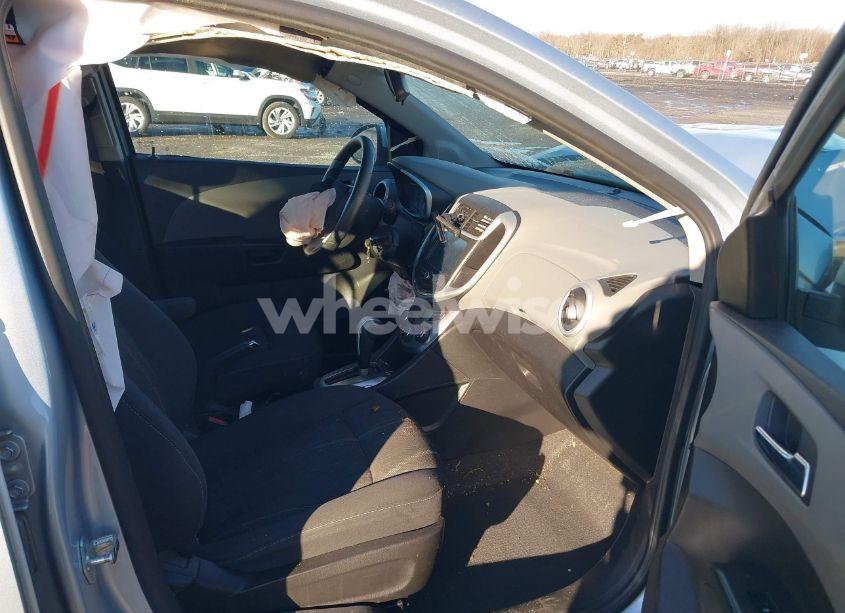 Photo 5 of 2017 Chevrolet Sonic LT AUTO (VIN 1G1JD5SG1H4107832)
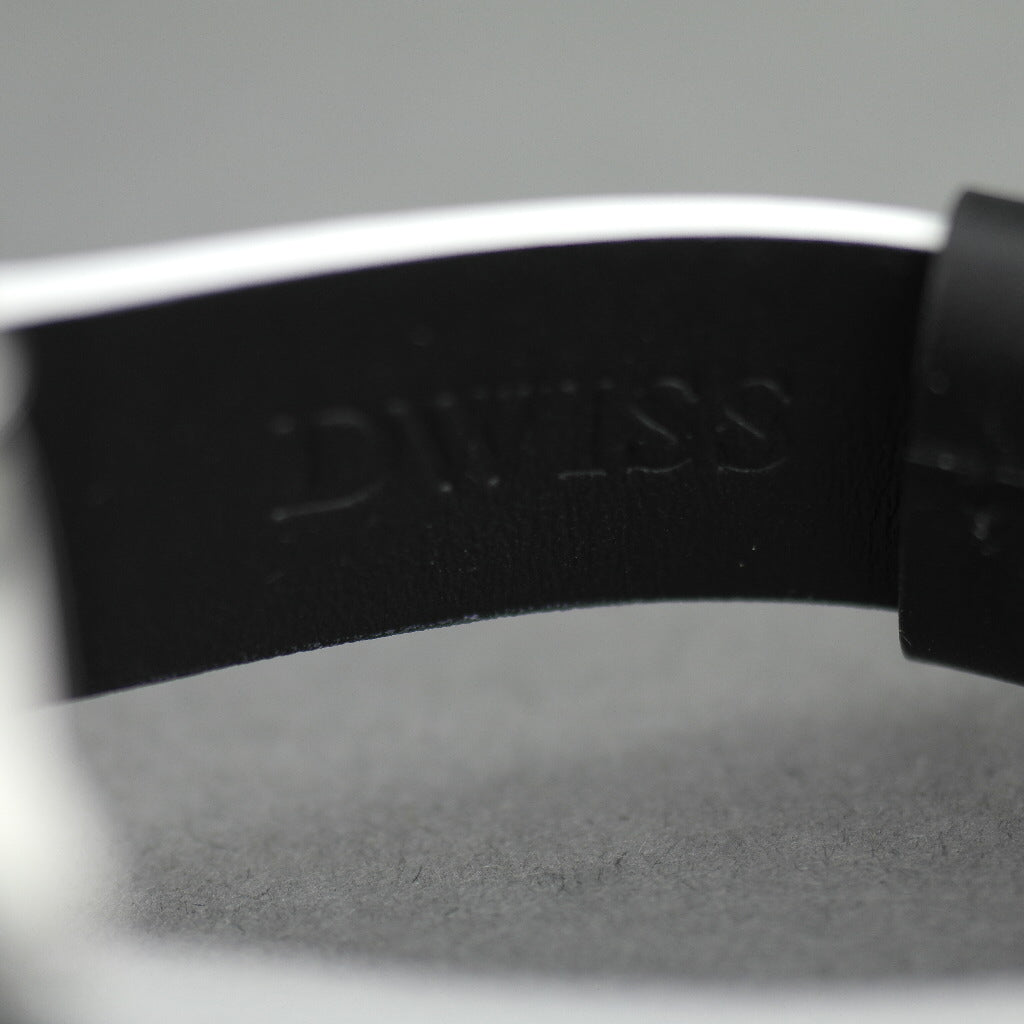 DWISS Limited Edition Swiss quartz white dial wristwatch 40mm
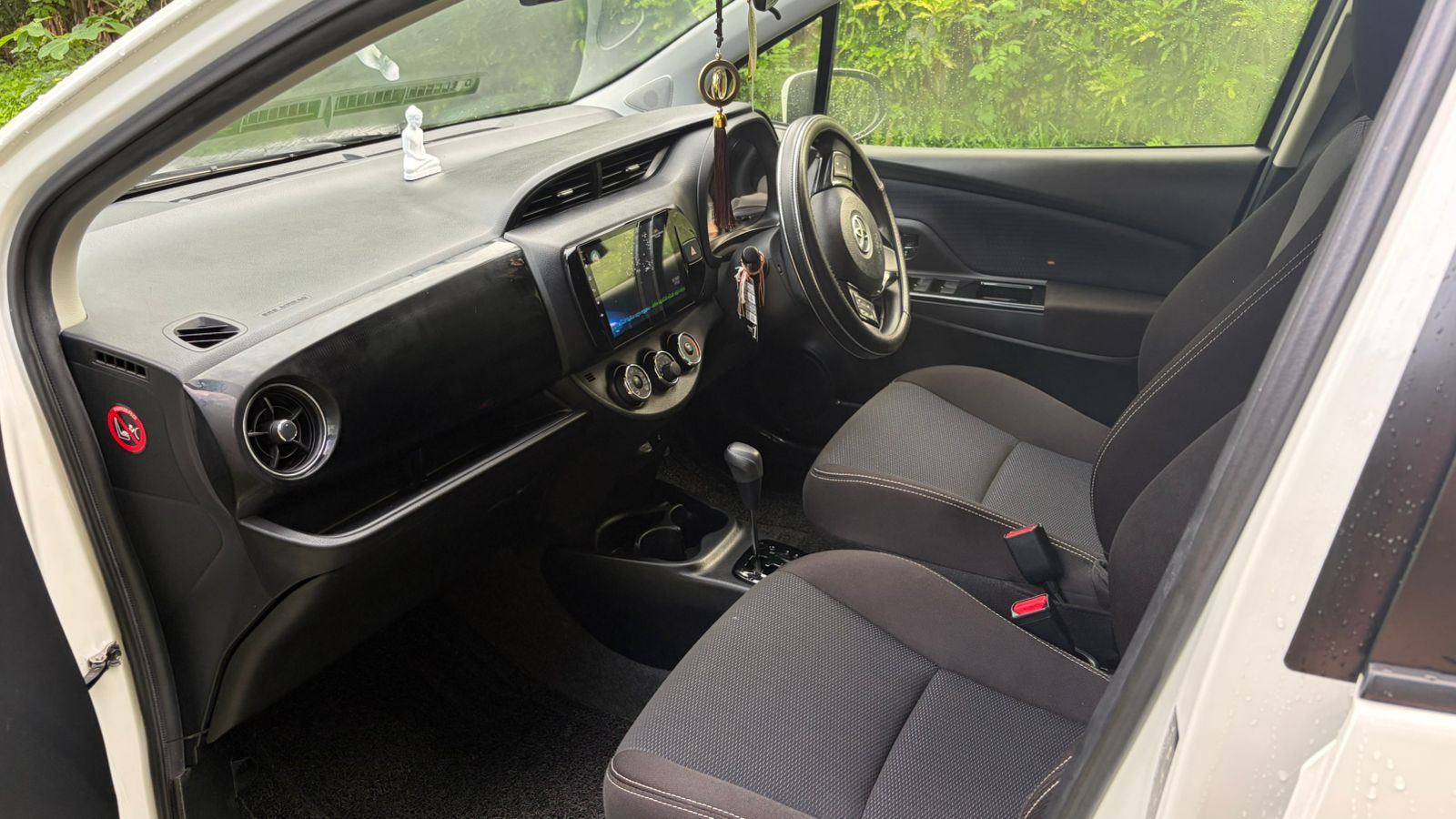 Toyota Vitz 2018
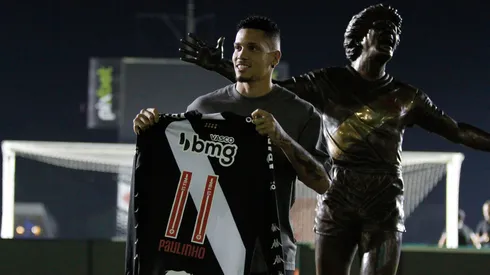 Paulinho posa para foto com camisa do Vasco - Foto; Matheus Lima/CRVG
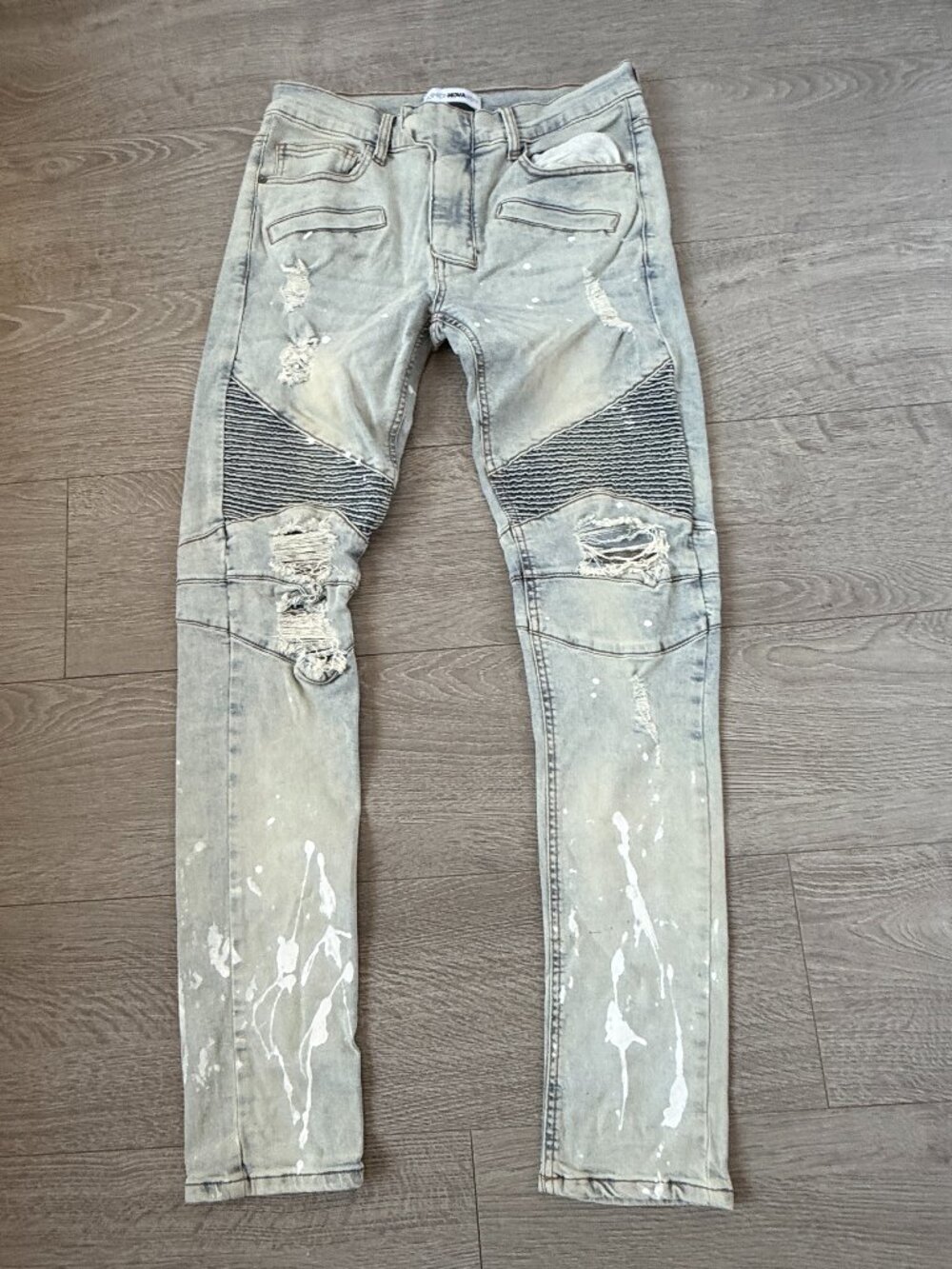 Fashion Nova Men's Distressed Jeans Size 30 Light Wash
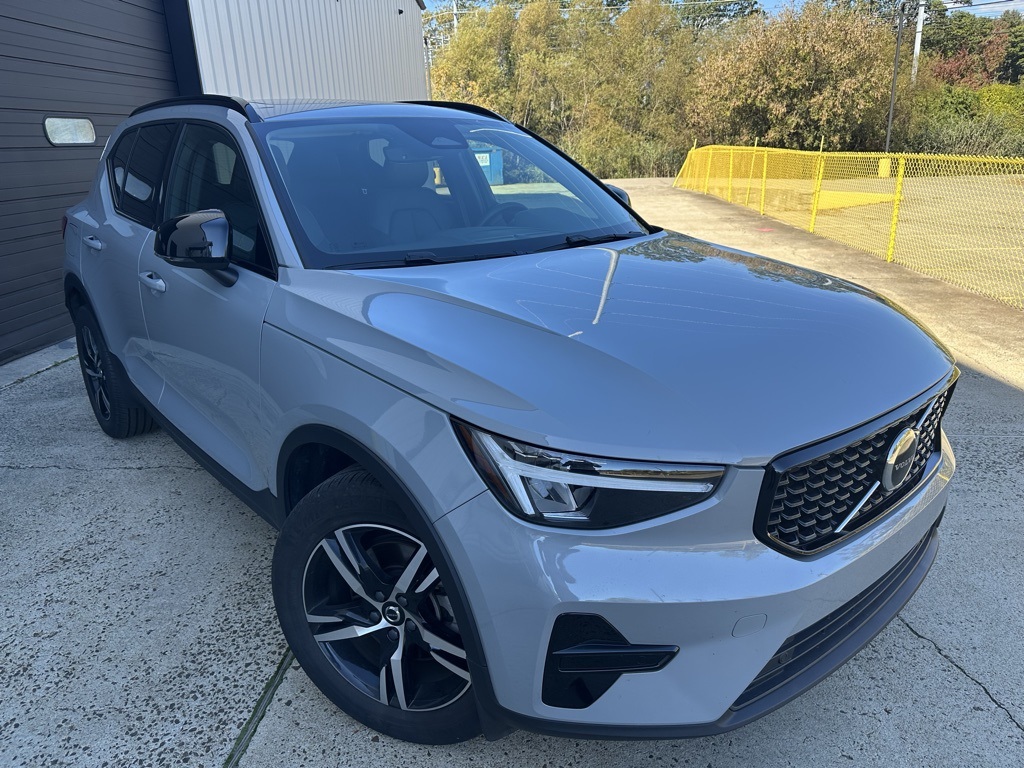 2024 Volvo XC40 Core's photo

──────

PROBLEM DETAILS -> Give again exactly the lines from the one that contains "Fashion Nova Men's" through the end of the material, both ends included, omitting the pictures.

RESPONSE ->
 Fashion Nova Men's Distressed Jeans Size 30 Light Wash
 2024 Volvo XC40 Core's photo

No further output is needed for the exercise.